Ein wichtiger Grund kann nicht allein in dem bevorstehenden Schulwechsel durch den Sohn der Klägerin gesehen
werden. Dieser rechtfertigte nicht die Beendigung des Arbeitsverhältnisses zum 31. Mai 1998. Das Schuljahr in
Nordrhein-Westfalen war am 20. Juni 1998 zu Ende. Das neue Schuljahr im Land Niedersachsen hat erst im
September 1998 begonnen. Bei einer Beendigung des Arbeitsverhältnisses zum 30. Juli 1998 hätte die Klägerin noch
genügend Zeit gehabt, um sich mit ihrem Sohn und dem neuen Lebenspartner vor Beginn des neuen Schuljahres auf
die veränderte Situation einzustellen.
Die Klägerin kann nicht mit dem Einwand durchdringen, sie hätte ab 1. Juni 1998 den Umzug vorbereiten müssen.

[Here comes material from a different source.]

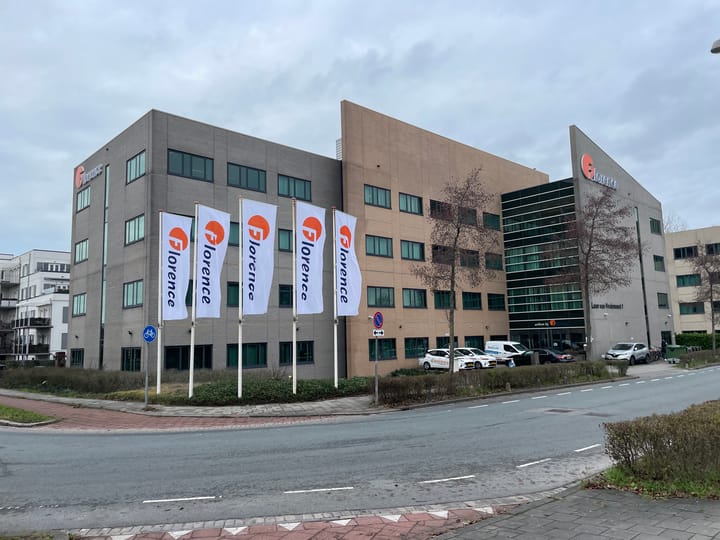 Laan van Vredenoord 1--7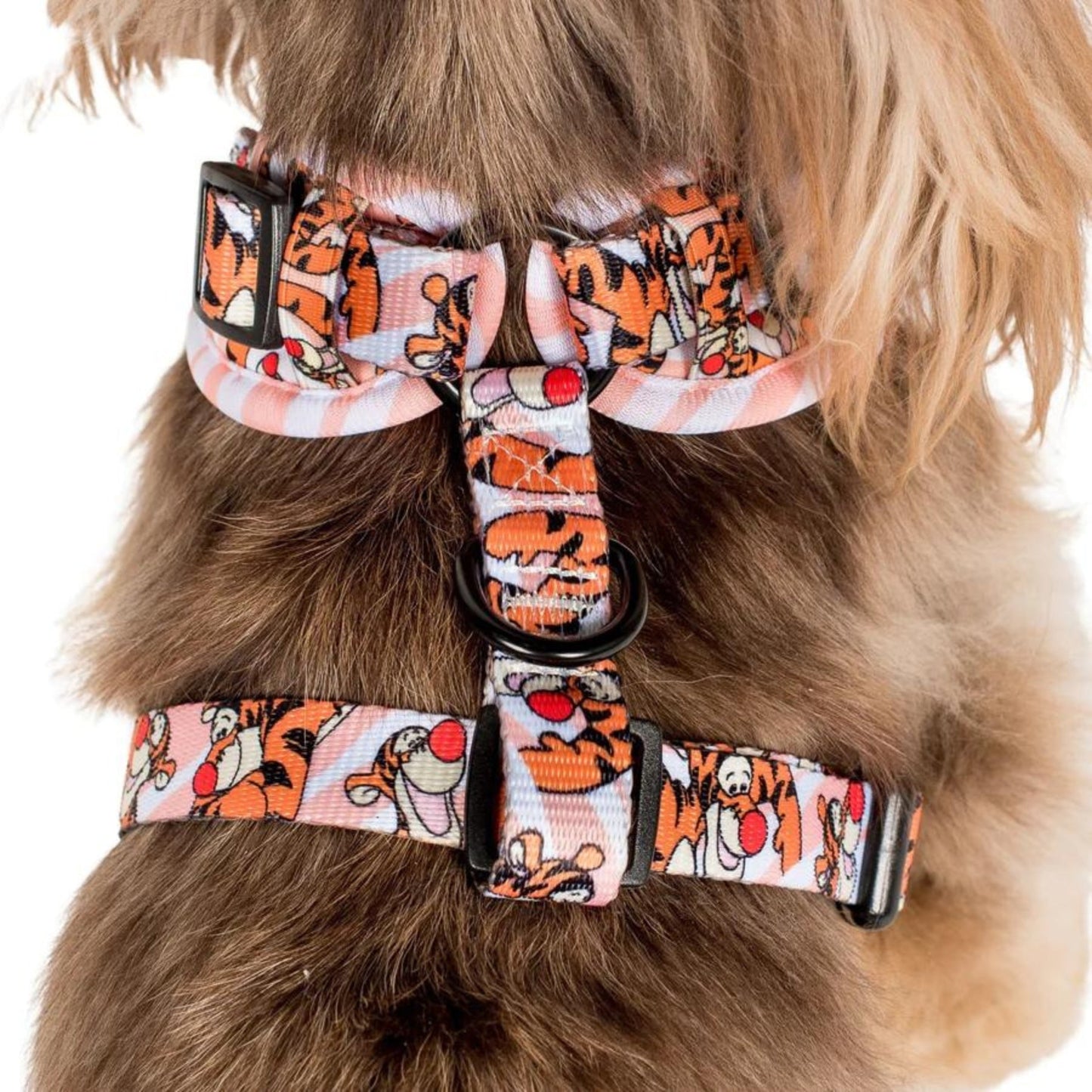 The One of a Kind Tigger Adjustable Harness - Pooch Luxury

Denn entweder konnte sie die Vorbereitungsarbeiten neben der Teilzeitbeschäftigung bei ihrem
Prozessbevollmächtigten durchführen oder sie war für diese Zeit nicht arbeitslos und eine Beschäftigung suchend iS
der §§ 118, 119 SGB III. Die Klägerin ist auch nicht am 1. Juni 1998, sondern nach ihren Angaben zum 1. Juli 1998
umgezogen und hat sich erst ab diesem Tage dem Arbeitsamt LM. zur Verfügung gestellt. Eine frühere Beendigung
des Arbeitsverhältnisses als vor dem 30. Juni 1998 ist bei dieser Sach- und Rechtslage unter keinen Umständen zu
rechtfertigen.
Die Sperrzeit beträgt in der Regel zwölf Wochen (§ 144 Abs 1 SGB III). Das SG hat rechtskräftig die Dauer der
Sperrzeit auf mindestens sechs Wochen festgesetzt. Die Voraussetzungen für eine noch kürzere Sperrzeitdauer
gemäß § 144 Abs 3 Satz 2 SGB III liegen nicht vor. Während der Sperrzeit vom 1. Juni bis zum 12. Juli 1998 ruht der
Anspruch auf Alg (§ 144 Abs 2 Satz 2 SGB III). Die Minderung der Anspruchsdauer um 42 Tage ergibt sich aus § 128
Abs 1 Nr 3 SGB III.
Die Kostenentscheidung beruht auf der Anwendung des § 193 SGG. Da die Klägerin im Berufungsverfahren
unterlegen ist, braucht die Beklagte insoweit keine außergerichtlichen Kosten zu erstatten.
Die Revision bedarf der Zulassung (§ 160 SGG). Diese ist nicht zuzulassen, weil die Rechtssache keine
grundsätzliche Bedeutung hat und die Entscheidung nicht von höchstrichterlicher Rechtsprechung abweicht.